The central message is clear: 5G is the key to realizing Magic Leap’s vision—one where spatial computing is part of our everyday lives. But the headset that’s now being sold in some AT&T stores doesn’t actually have any 5G hardware at all, which really convolutes the story the companies are spinning.
The press release does specify that the headset is Wi-Fi only, but in a way that doesn’t at all address the fact that it simultaneously talks about how important 5G is to the future the device is supposed to enable: “The initial launch will operate over a Wi-Fi connection and provide new communication and entertainment experiences at a whole new level.”
Magic Leap didn’t respond to our request for comment on the nature of their 5G messaging and partnership with AT&T.
Ostensibly, AT&T wants people who come into their stores to buy the $2,300 Magic Leap One. But at the same time they’re saying ‘for the real future that we’re promising, you’re going to need to buy another headset that’s equipped with 5G’.
It would have been as if Cingular and Apple talked about how the iPhone was the future of mobile computing, and then launched it exclusively in Cingular stores as a Wi-Fi only product… expecting customers that believed in the vision to later buy another iPhone which actually had cellular connectivity.
This is just another oddity in a string of unclear messaging from Magic Leap’s marketing approach, which from an aesthetic standpoint, looks and feels targeted at consumers, but from a pricing and feature standpoint can’t be considered anything but a development kit.

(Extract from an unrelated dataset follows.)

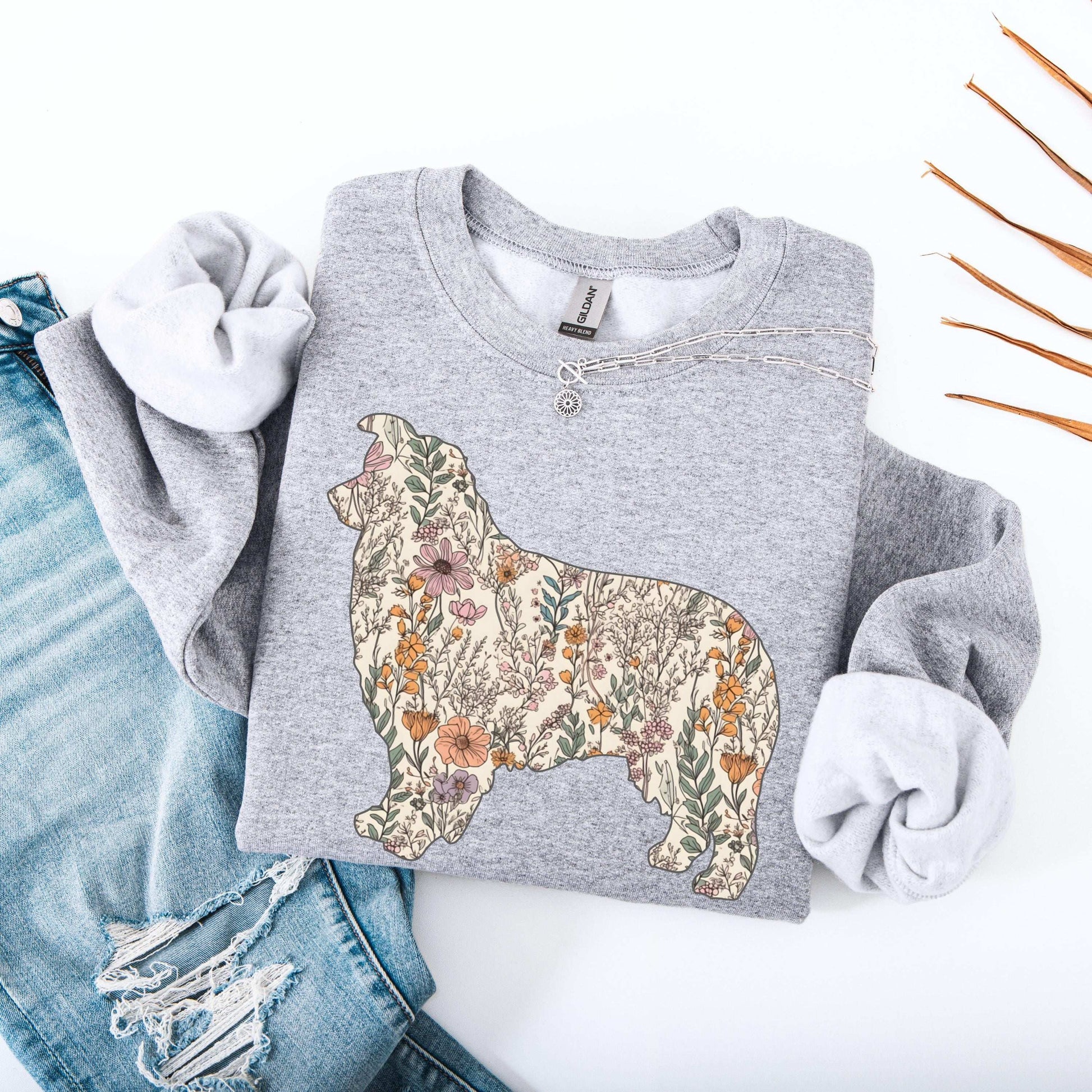 Australian Shepherd Wildflower Shirt, aussie gift, aussie mama sweatshirt, puppy mom sweater, gift for dog owner, shepherd breeder gift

Magic Leap is no clearer on messaging with developers who are actually understand that the product is a dev kit through and through. One developer I spoke with believes in the future of spatial computing, but feels Magic Leap’s poorly communicated direction makes it a risky platform to seriously consider for anything more than experimentation.

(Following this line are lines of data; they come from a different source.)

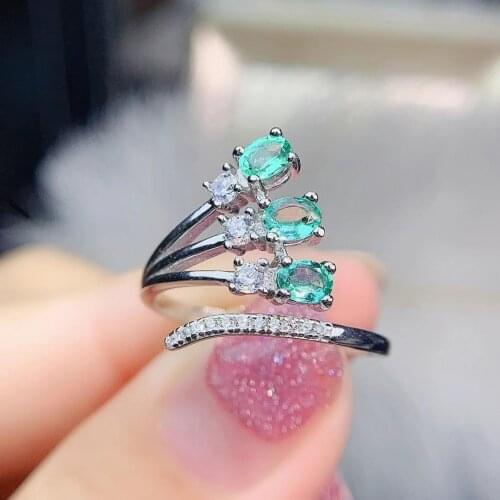 Luxurious Opening peacock Feather S925 silver natural green Emerald ring natural gemstone ring woman man party gift jewelry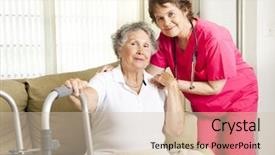  Presentation with elderly home - PPT theme enhanced with alzheimer disease - friendly nurse cares background and a soft green colored foreground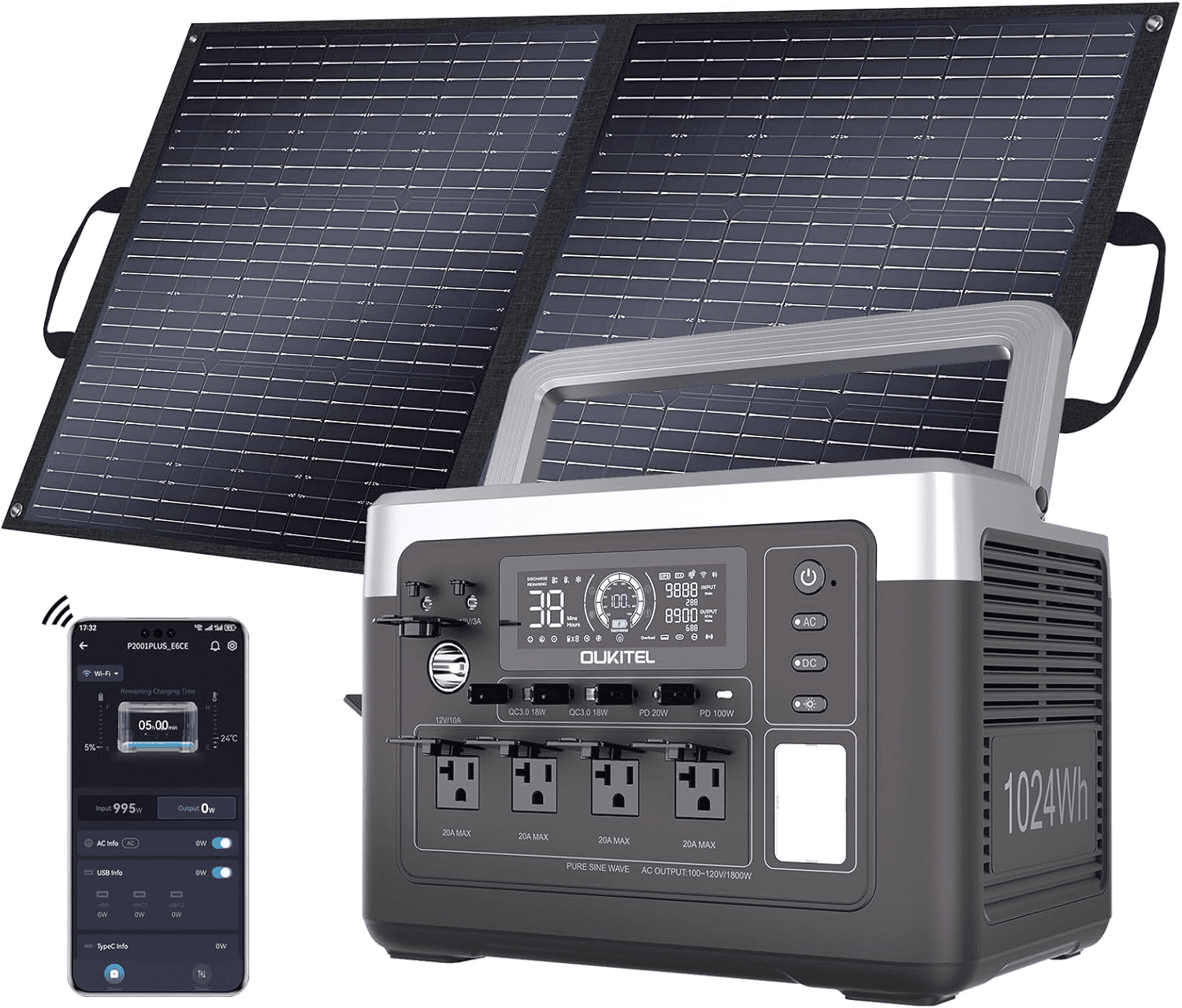 IEE P2400 Solar Generator with 2×200W Solar Panels, 2048Wh/2400W LiFePO4 Power Station, 1800W Fast AC Charging, APP Control, Home Backup & Outdoor Power Supply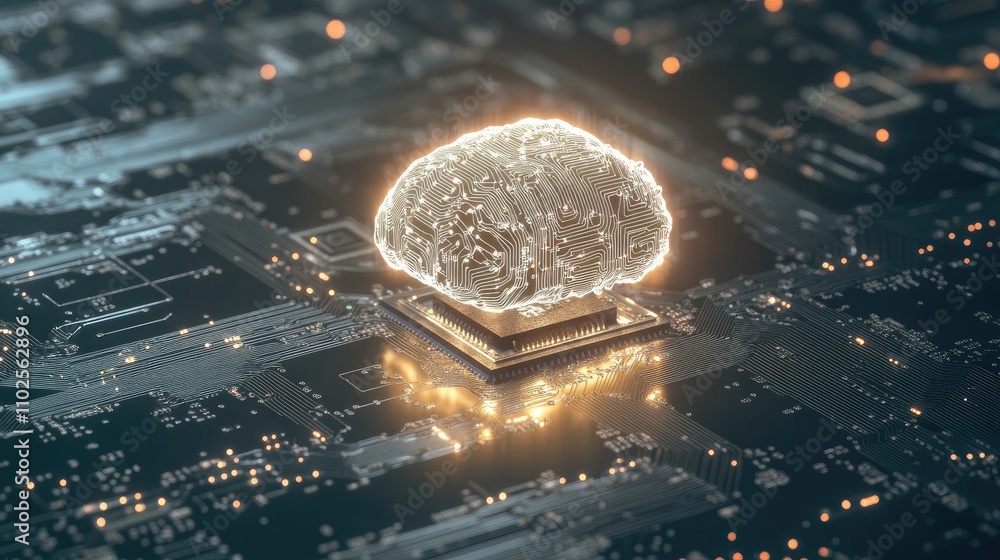 Poster digital brain concept on microchip with circuit board background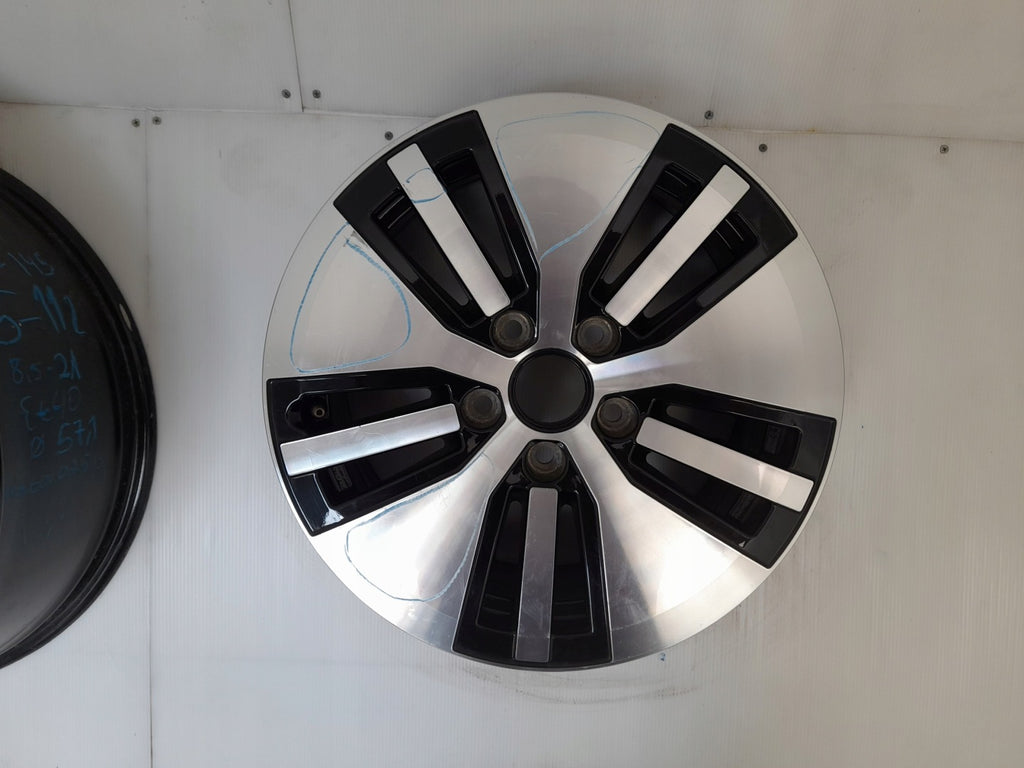 1x Alufelge 16 Zoll 6.5" 5x112 46ET Glanz Schwarz 5GE601025 VW I Rim Wheel FEL3564006801am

“Developing something usually takes a good amount of time. And when you pick a target platform, you’re partnering with that platform. It’s hard to pick Magic Leap as a partner when they won’t share key information with you,” the developer said. “Following someone who shares no information with you and keeps saying ‘Trust me, it’s all gonna work out!’ is often a bad business decision. They share their long term, 10–20 year vision all the time, but refuse to share the year’s vision. A company that wants to build the future needs to do well in the present.”
Magic Leap isn’t the first to try to straddle the line between ‘dev kit’ and ‘consumer ready’ with a new product that’s not ready for prime time because of a lack of compelling content that still needs to be built up by developers.
In 2014, Oculus and Samsung launched the first Gear VR headset which they dubbed the ‘Innovator Edition’ (not dissimilar to Magic Leap One ‘Creator Edition’). And while we were also critical about the companies’ marketing in a grey area, Gear VR was more than 10 times less expensive ($200), and neither company was saying that the headset lacked some essential functionality that would be key to the future they were promising. That made it lower risk for both consumers and developers to buy in. In subsequent years, the headset was upgraded and got more content, and thus lost the ‘Innovator Edition’ tag, but the newer versions were essentially the same device/platform that had been promised to those who bought into the vision from the outset.